*** Begin section ***

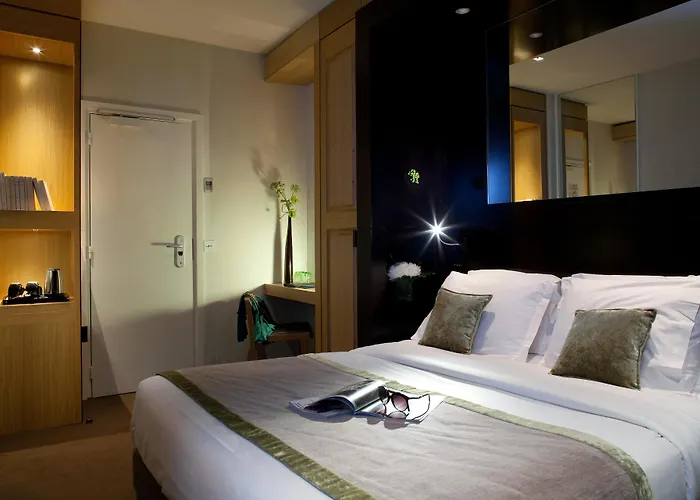 マルソー シャンゼリゼ 3* パリ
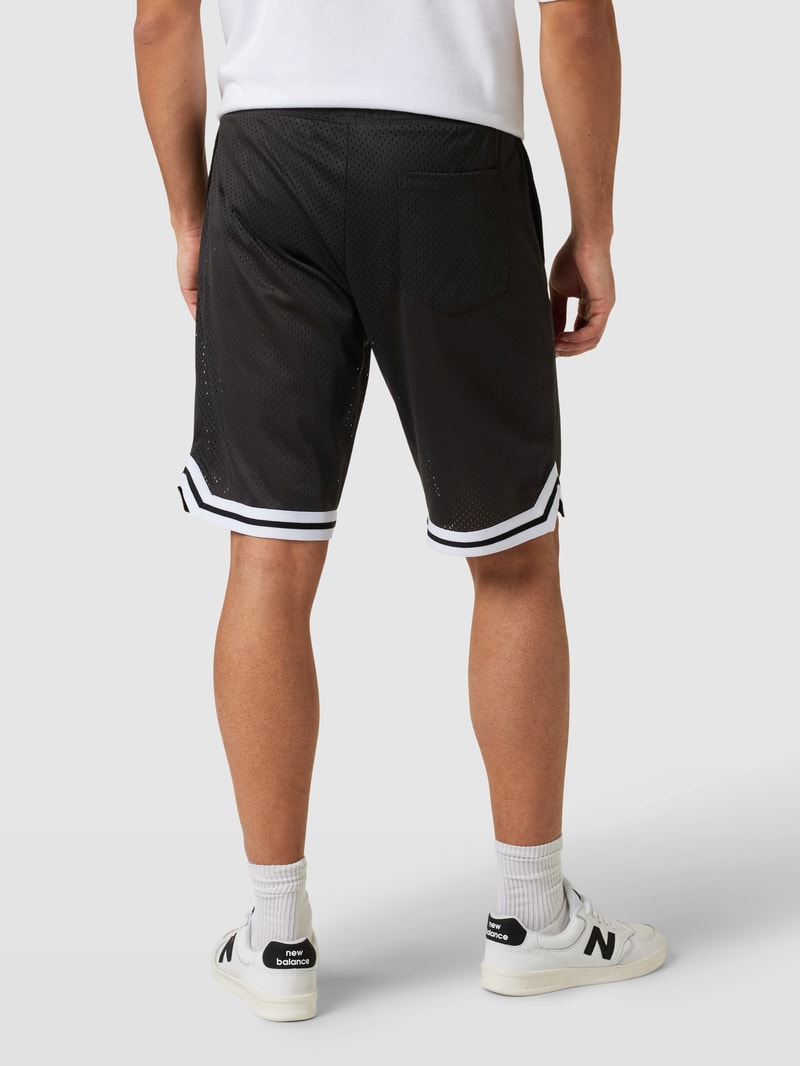 Sweatshorts mit Tunnelzug in schwarz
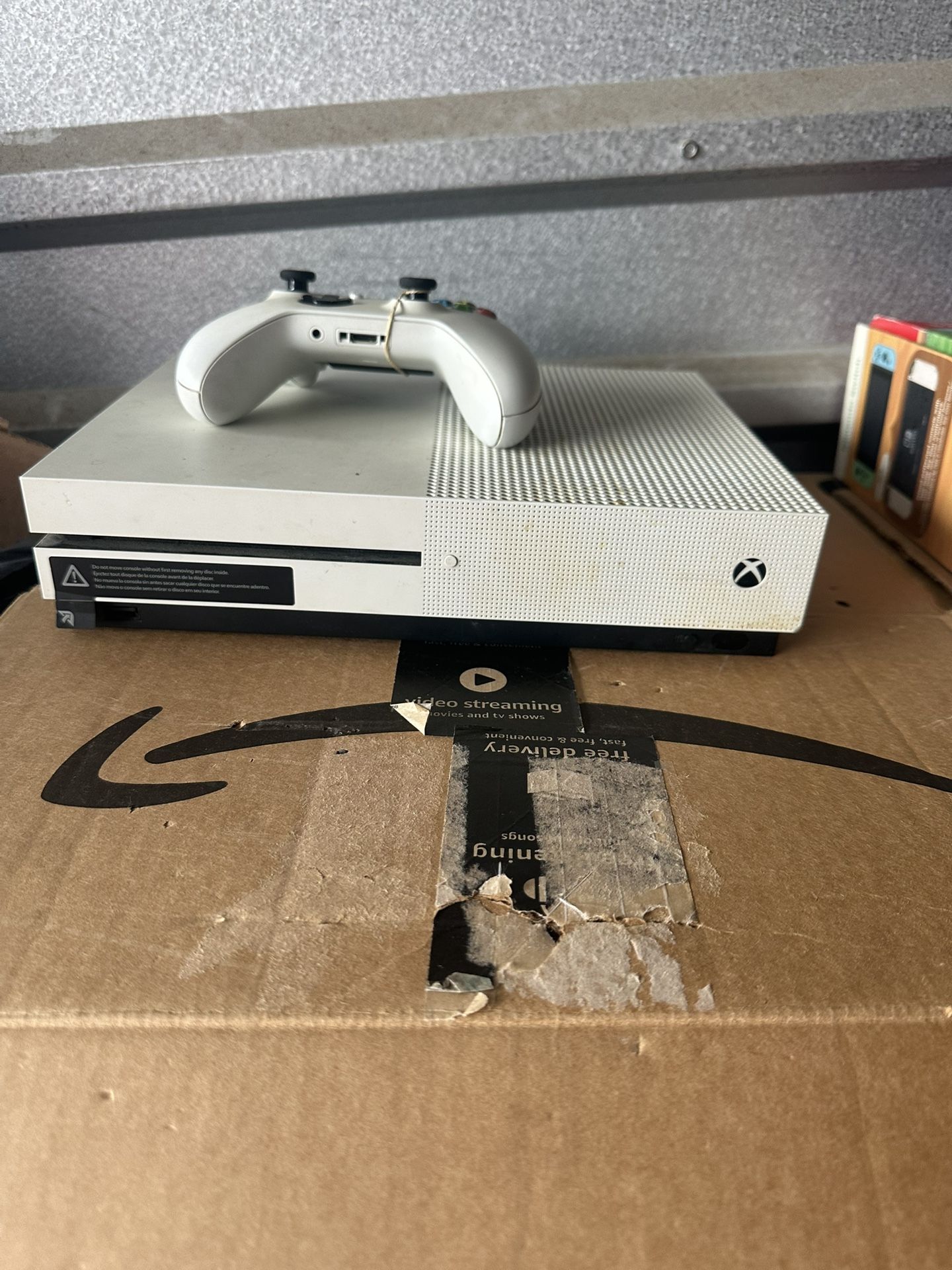 Xbox One S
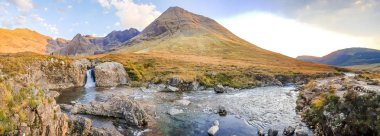 Isle of Skye - İskoçya siyah Cuillin dağlardaki önünde peri havuzları
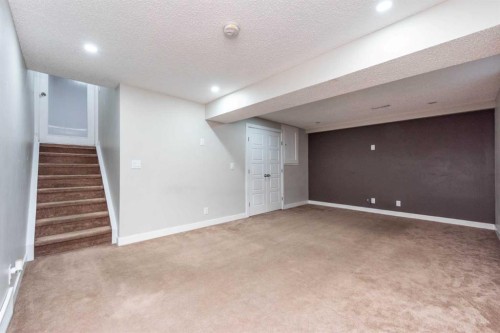 244 Riverglen Place Se, Calgary, AB 
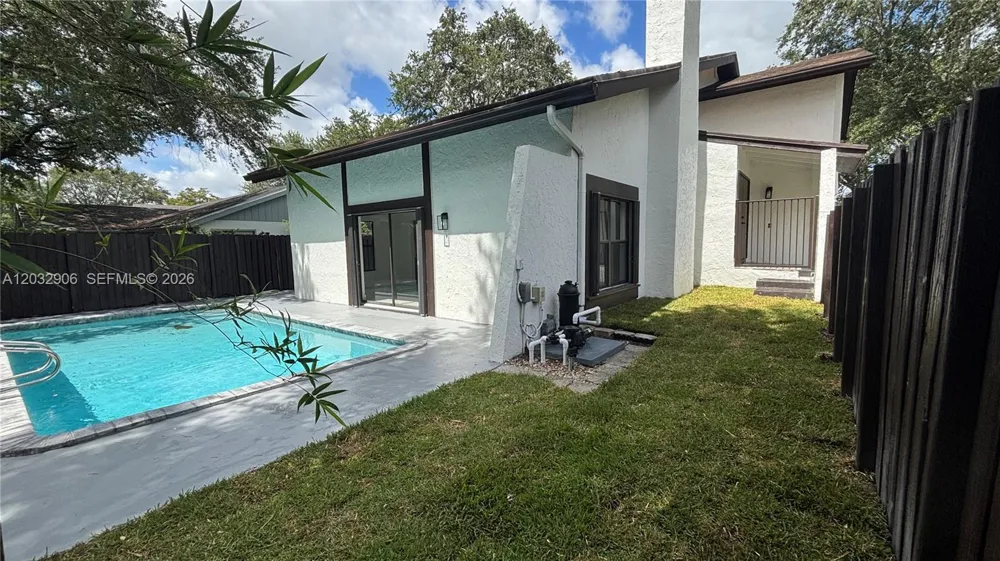 49 Forest Cir Cooper City, FL 33026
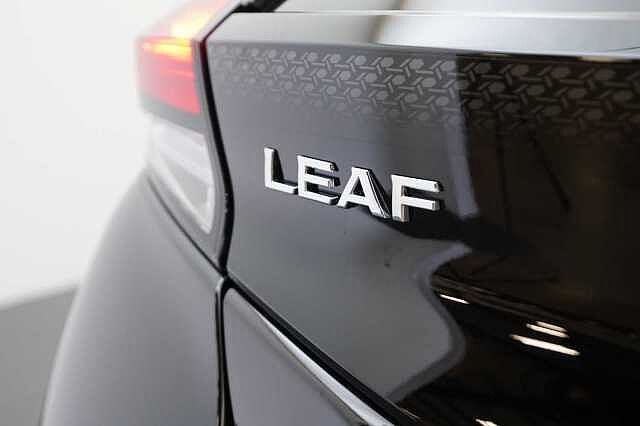 Nissan LEAF 40KW 10 Limited Edition Auto with Sat Nav and 360 View Cameras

*** End section ***

**AIM OF THE EXERCISE**
Print each entry exactly, leaving pictures out.

**FINISHED TASK**
 マルソー シャンゼリゼ 3* パリ
 Sweatshorts mit Tunnelzug in schwarz
 Xbox One S
 Isle of Skye - İskoçya siyah Cuillin dağlardaki önünde peri havuzları
 244 Riverglen Place Se, Calgary, AB 
 49 Forest Cir Cooper City, FL 33026
 Nissan LEAF 40KW 10 Limited Edition Auto with Sat Nav and 360 View Cameras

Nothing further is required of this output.